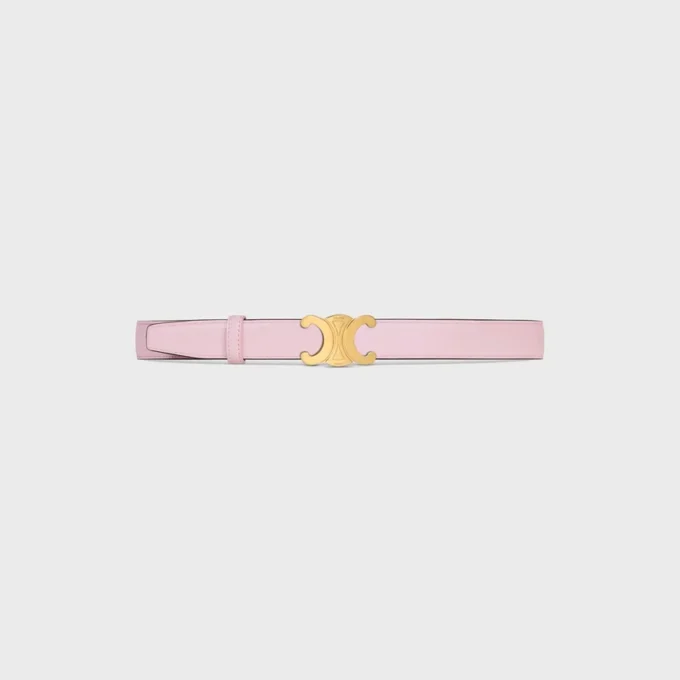 Triomphe Buckle in Metal & Reversible Strap 25Mm in Taurillon Triomphe Buckle in Metal & Reversible Strap 25Mm in Taurillon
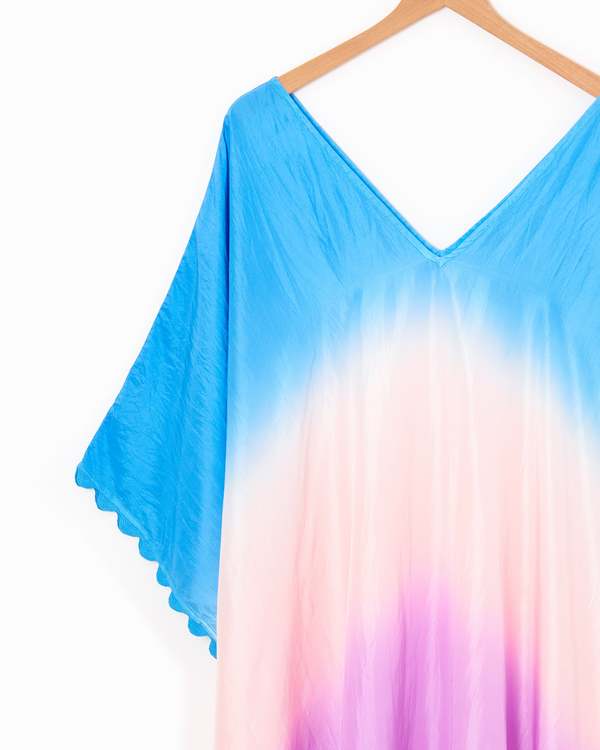 【Juliet Dunn】 Ombreシルク poncho Daiquiri Silk Ombre Poncho → Juliet Dunn London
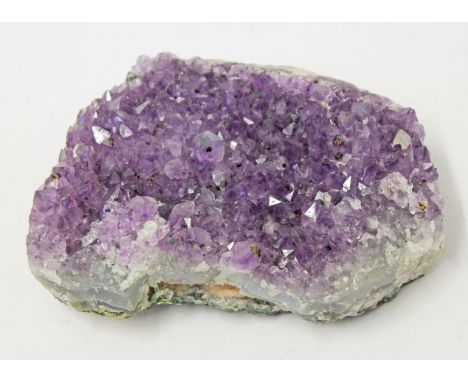 A Brazilian amethyst geoloigcal sample, length 17cm.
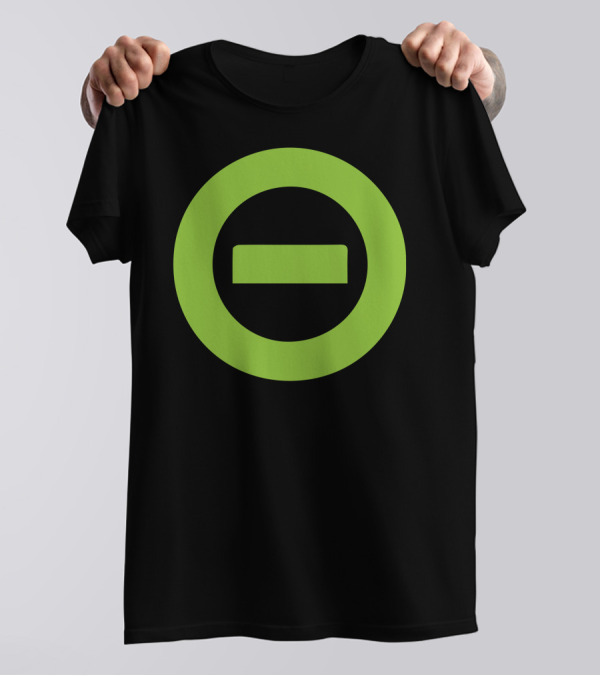 Type O Negative Logo Green Circle Minus T-Shirt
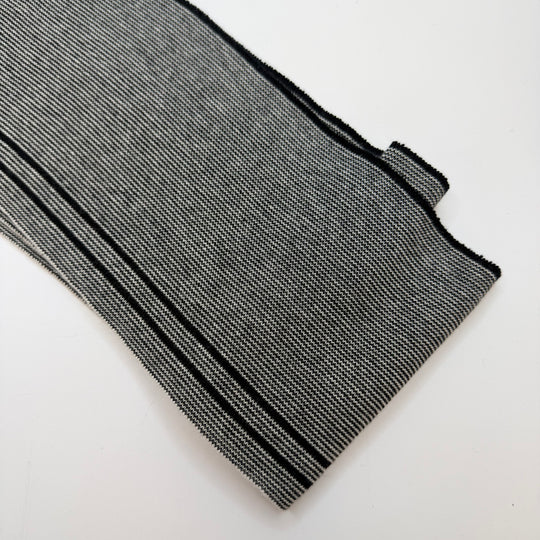 Ribbing - Black/White Stripes - 2 Pack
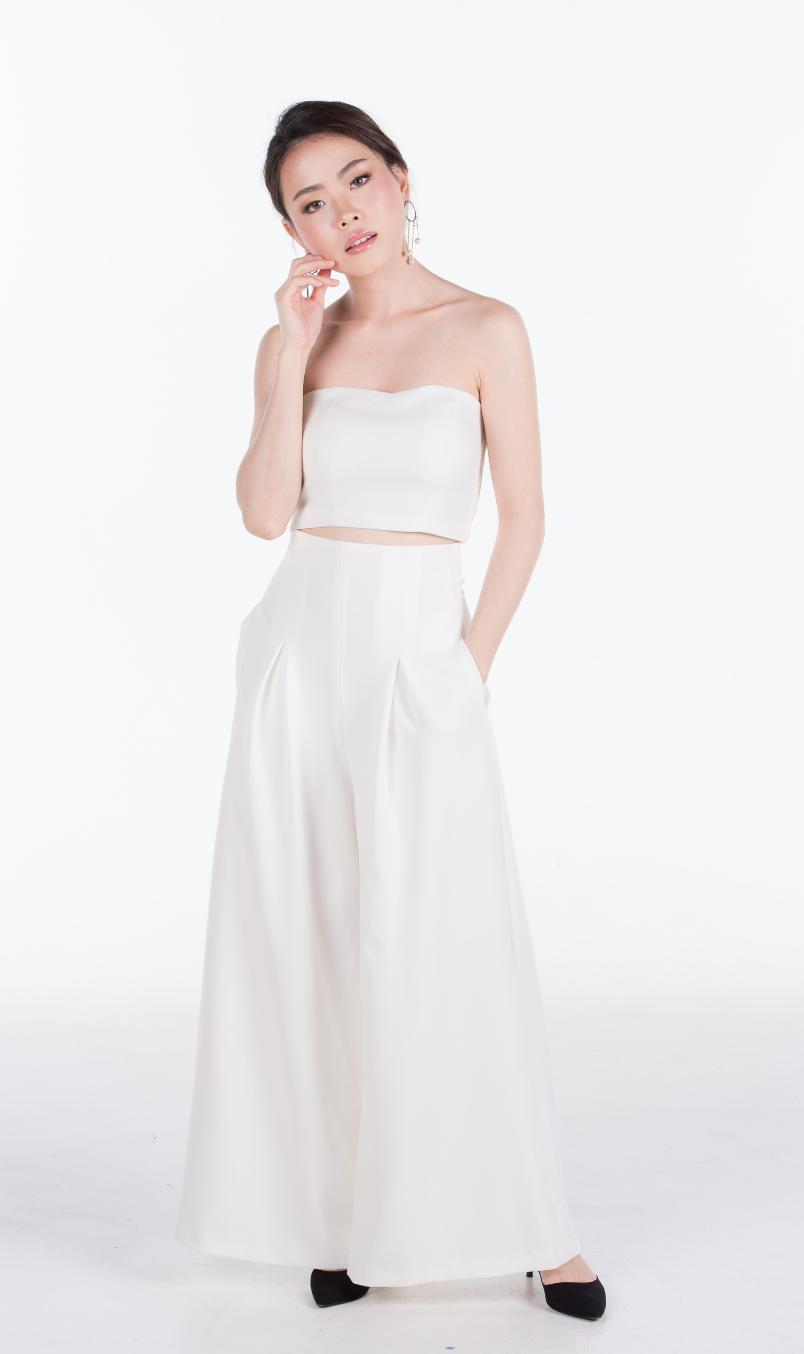 Jane Soraya - Minimal Pant กางเกงขายาว สีขาว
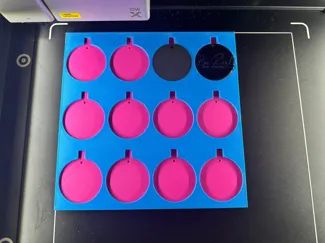 50mm Round, 2mm Thick M1 Ultra Engraving Jig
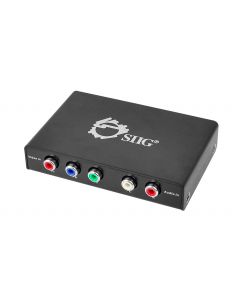 Component Video & Audio to HDMI Converter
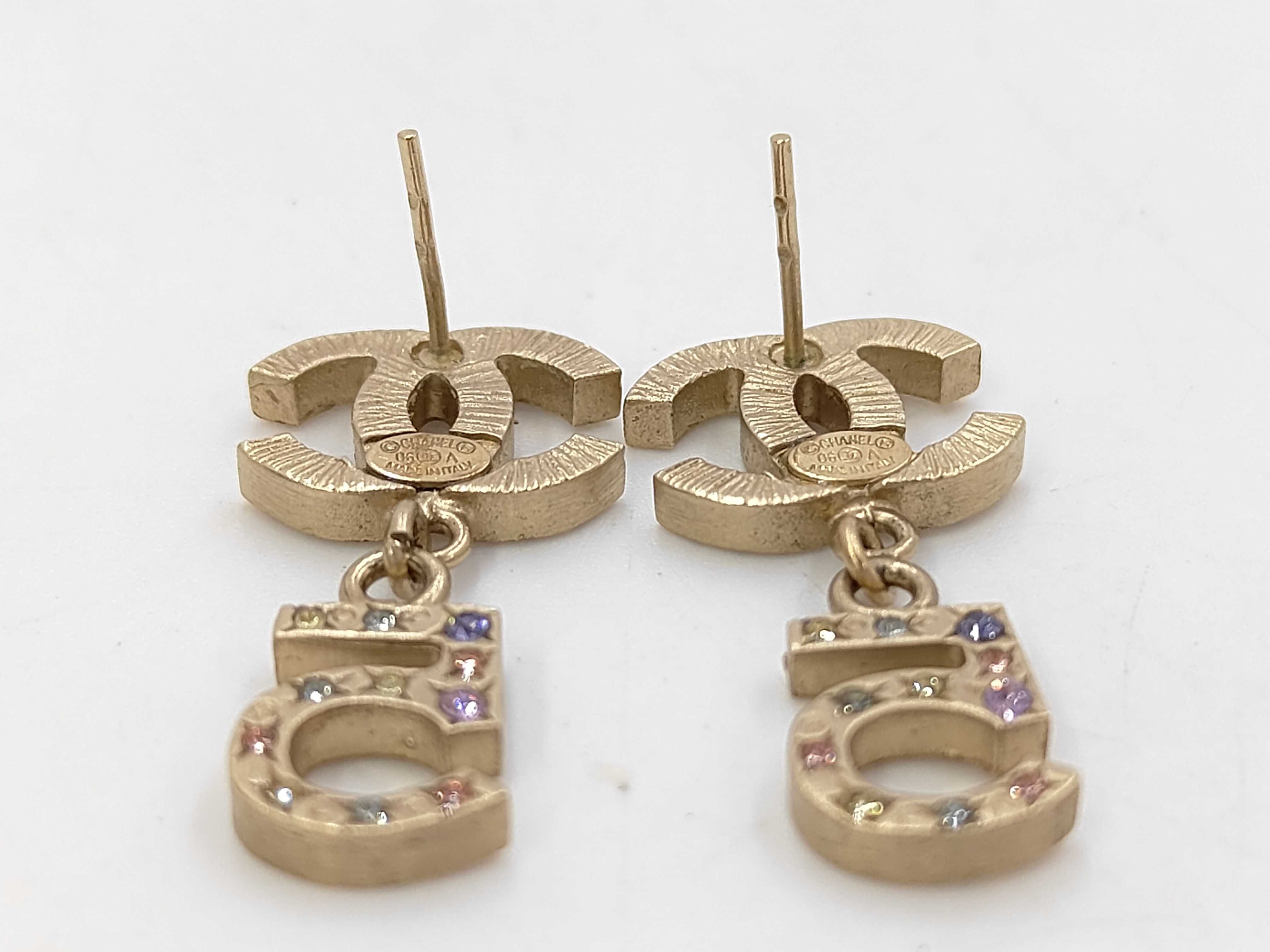 Coco Mark N05 Earrings with Rhinestones (with embellishment) 06A Necklace — view 3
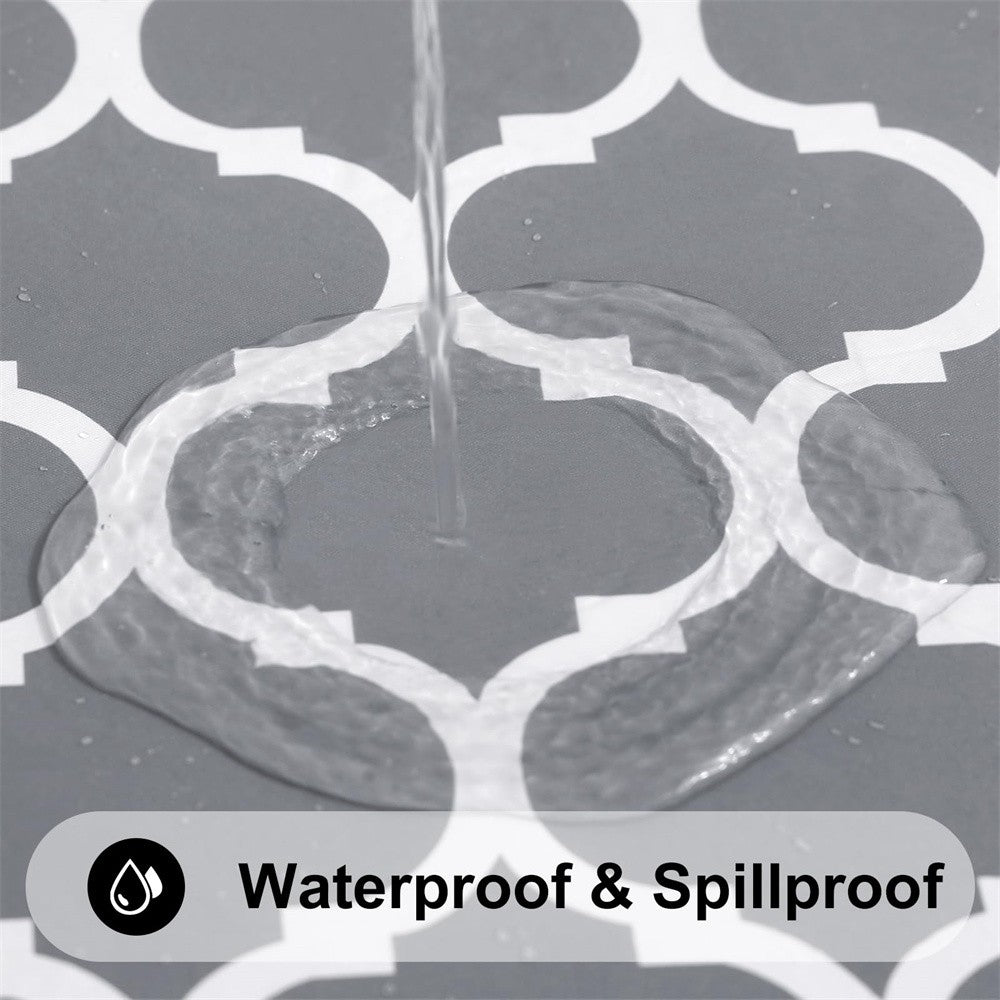 Olanly PVC House Table Cloth Rectangular Tablecloths Waterproof Table Mat For Coffee Table Banquet Decoration Dining Table Cover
+++
» Problem statement
What you print must be exactly the lines from the one containing "Component Video & Audio to HDMI Converter" through the last line of the material, and no pictures.

» Solution to the problem
 Component Video & Audio to HDMI Converter
 Coco Mark N05 Earrings with Rhinestones (with embellishment) 06A Necklace — view 3
 Olanly PVC House Table Cloth Rectangular Tablecloths Waterproof Table Mat For Coffee Table Banquet Decoration Dining Table Cover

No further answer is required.